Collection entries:
★ ★ ★ ★
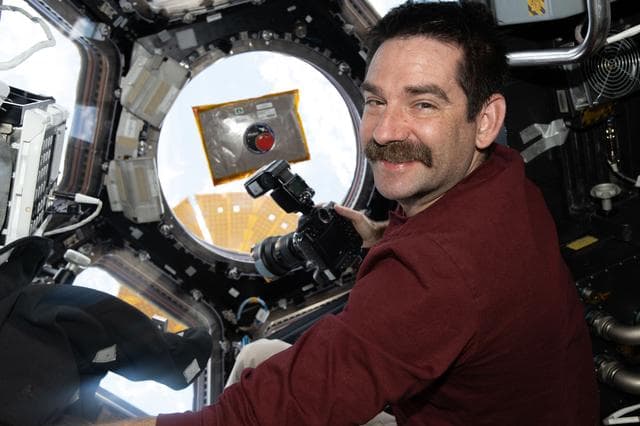 NASA image: NASA astronaut Jack Hathaway smiles for a portrait inside the International Space Station’s cupola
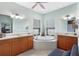 Bathroom featuring a soaking tub, tile floors, and dual vanities at 1536 Ember Ln, Tarpon Springs, FL 34689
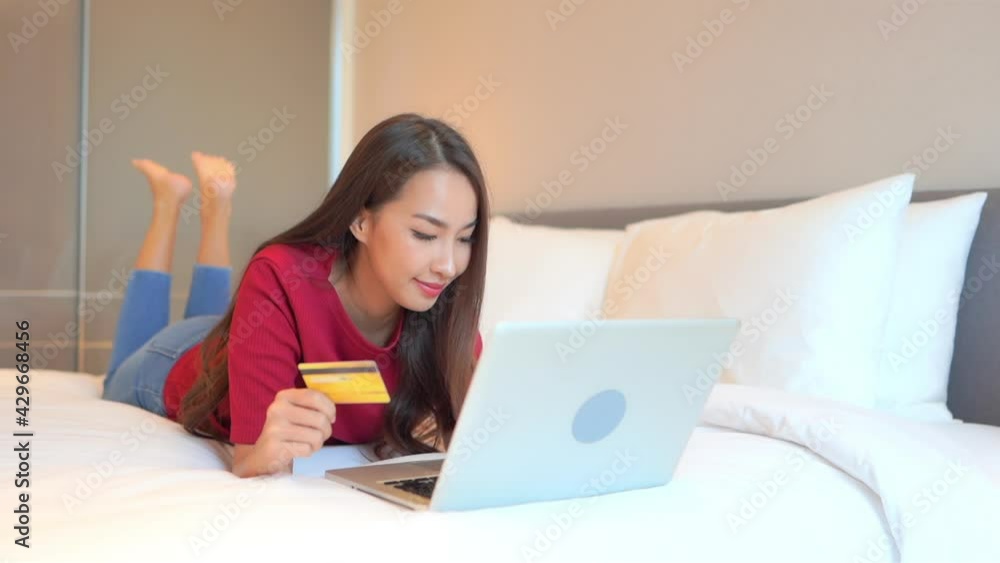 Girl Laying on Bed Entering Credit Card Details for Online Payment. Girl Laying on Bed Entering Credit Card Details for Online Payment.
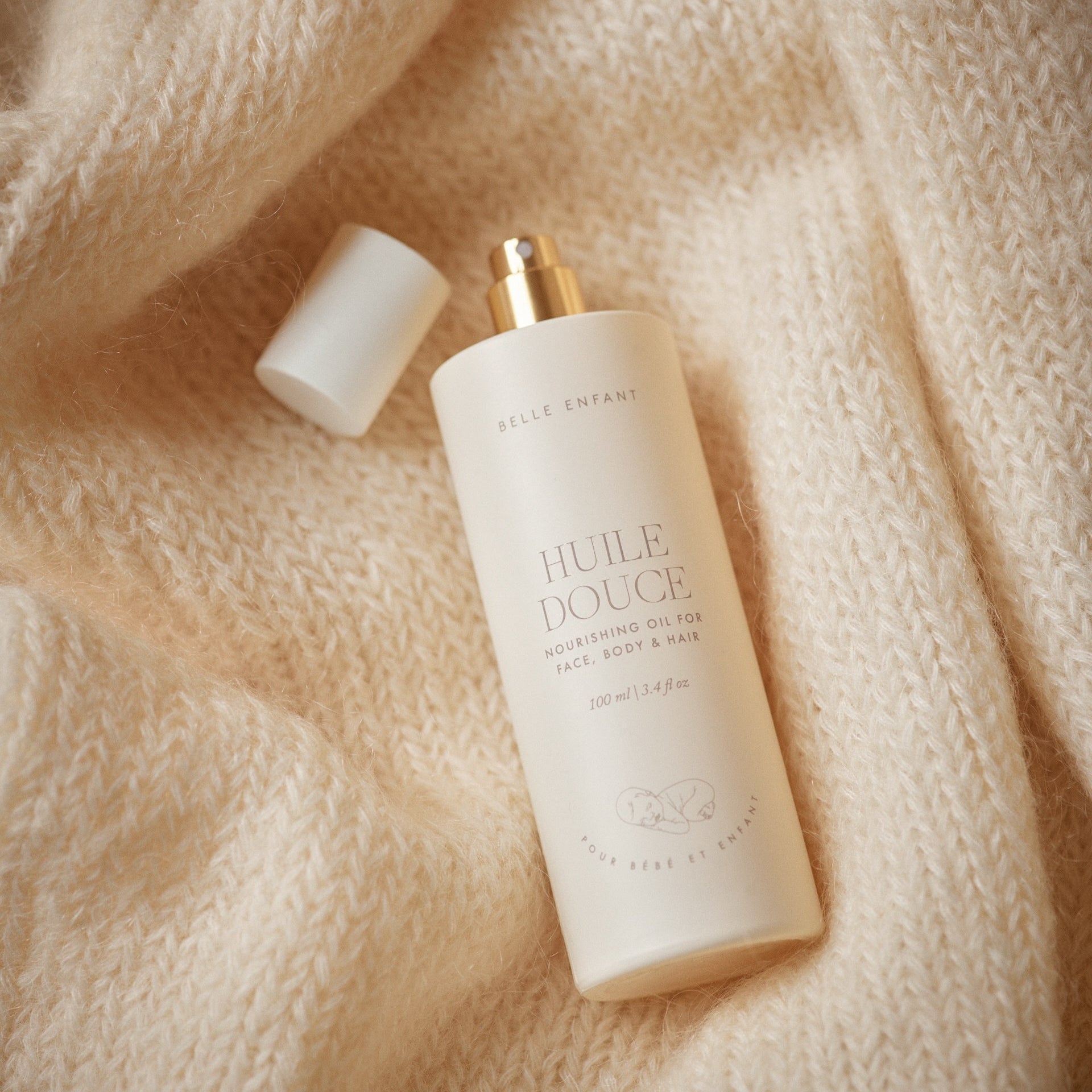 Nourishing Belle Enfant Baby Oil for face, body and hair. Vegan, plant-based, and perfect for timeless elegance.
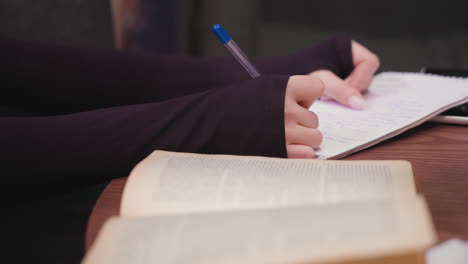 close up of woman hand holding blue pen while writing in notebook on brown wooden table, with open book in soft blur at foreground. scene highlights focused study and writing activity in quiet setting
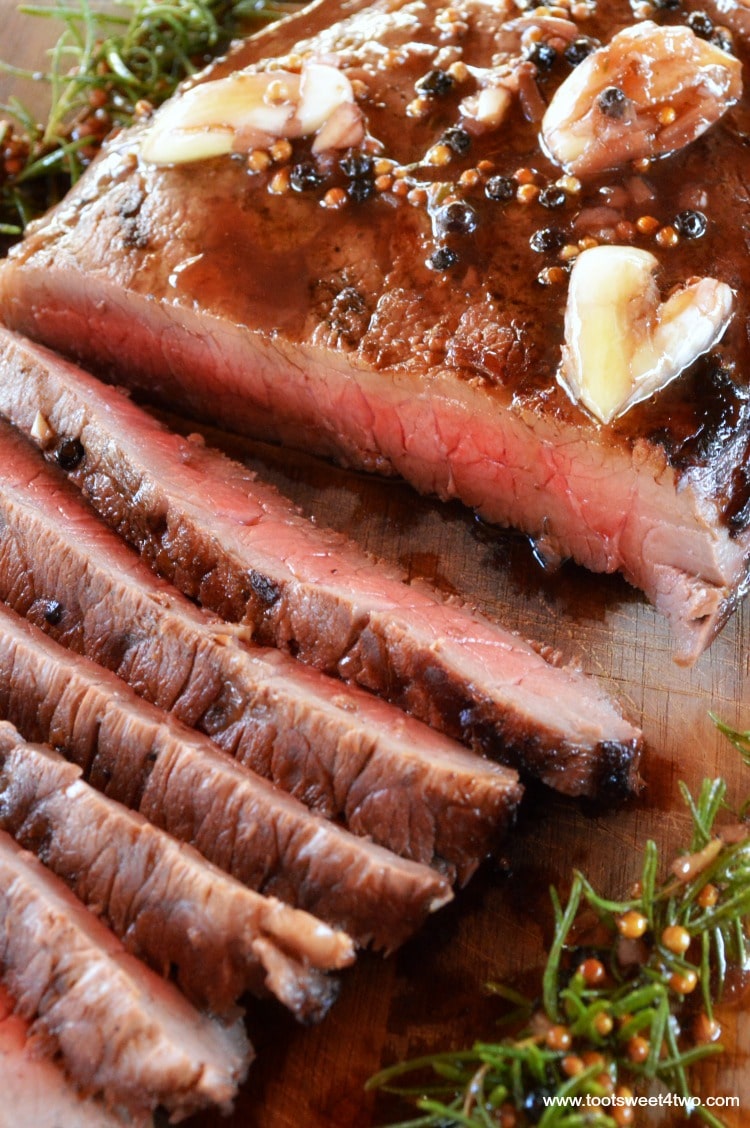 Want to make the perfect London broil? Then you need to do two things - marinate it for several hours and grill it! This simple and easy recipe for Grilled London Broil is not something you can make at the last minute. Because London Broil, aka flank steak, is a tougher cut of meat, the key to this flavorful, delicious, juicy and tender main course is marinating it for 4 to 6 hours. | www.tootsweet4two.com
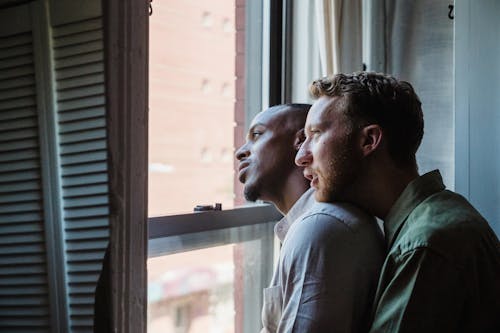 Gay Couple Hugging and Looking Out the Window 
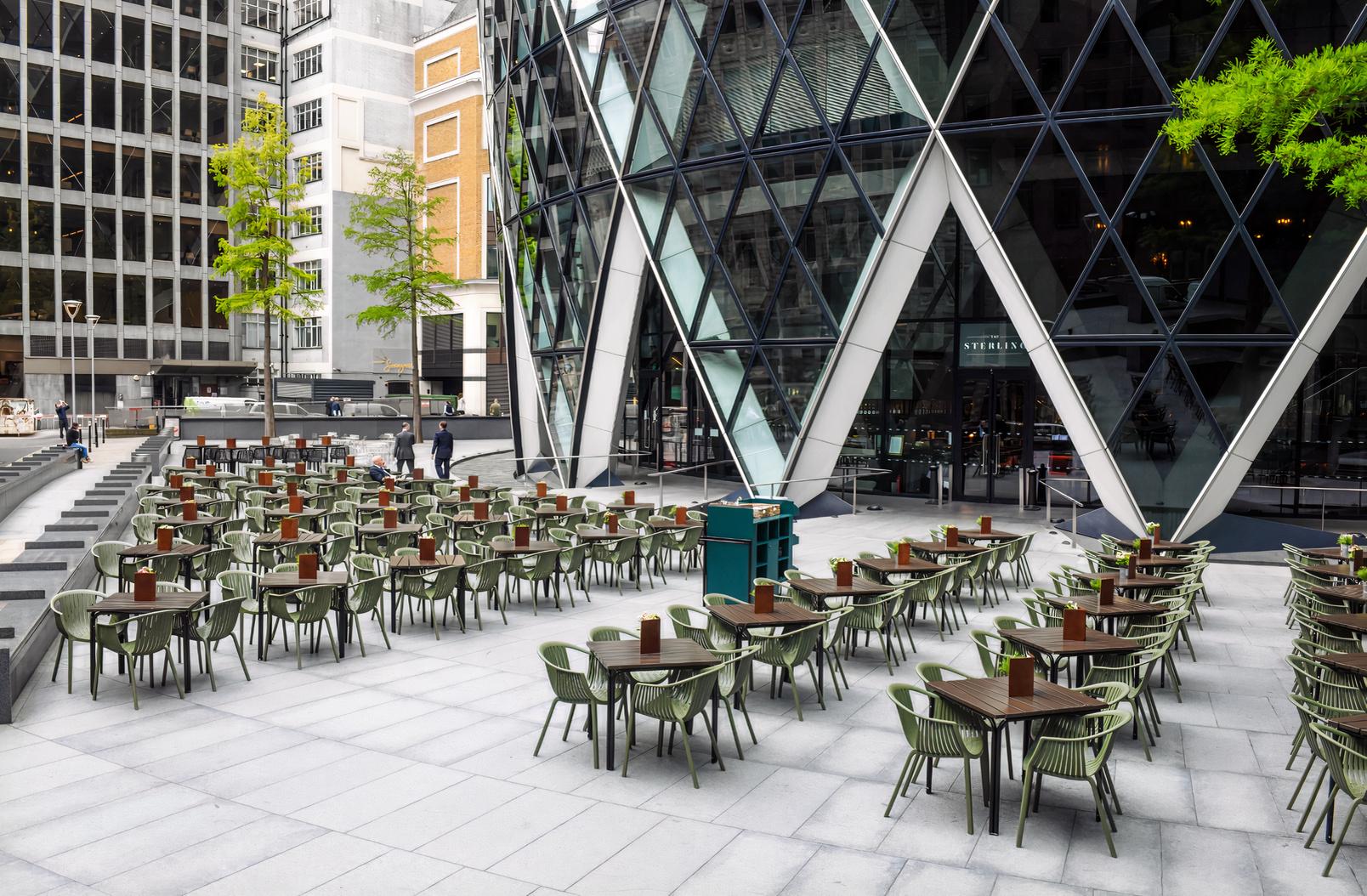 An outdoor pub area with rows of green chairs and wooden tables on a paved terrace at The Sterling.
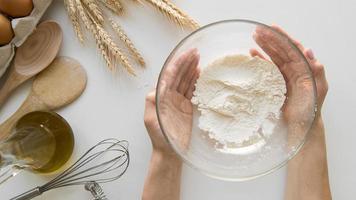 Top view hands holding bowl with flour photo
★ ★ ★ ★
> AIM OF THE EXERCISE:
In the records above, find the line that contains "Bathroom featuring a" and repeat exactly that line and all lines after it to the end. Do not include pictures.

> OUTPUT:
 Bathroom featuring a soaking tub, tile floors, and dual vanities at 1536 Ember Ln, Tarpon Springs, FL 34689
 Girl Laying on Bed Entering Credit Card Details for Online Payment. Girl Laying on Bed Entering Credit Card Details for Online Payment.
 Nourishing Belle Enfant Baby Oil for face, body and hair. Vegan, plant-based, and perfect for timeless elegance.
 close up of woman hand holding blue pen while writing in notebook on brown wooden table, with open book in soft blur at foreground. scene highlights focused study and writing activity in quiet setting
 Want to make the perfect London broil? Then you need to do two things - marinate it for several hours and grill it! This simple and easy recipe for Grilled London Broil is not something you can make at the last minute. Because London Broil, aka flank steak, is a tougher cut of meat, the key to this flavorful, delicious, juicy and tender main course is marinating it for 4 to 6 hours. | www.tootsweet4two.com
 Gay Couple Hugging and Looking Out the Window 
 An outdoor pub area with rows of green chairs and wooden tables on a paved terrace at The Sterling.
 Top view hands holding bowl with flour photo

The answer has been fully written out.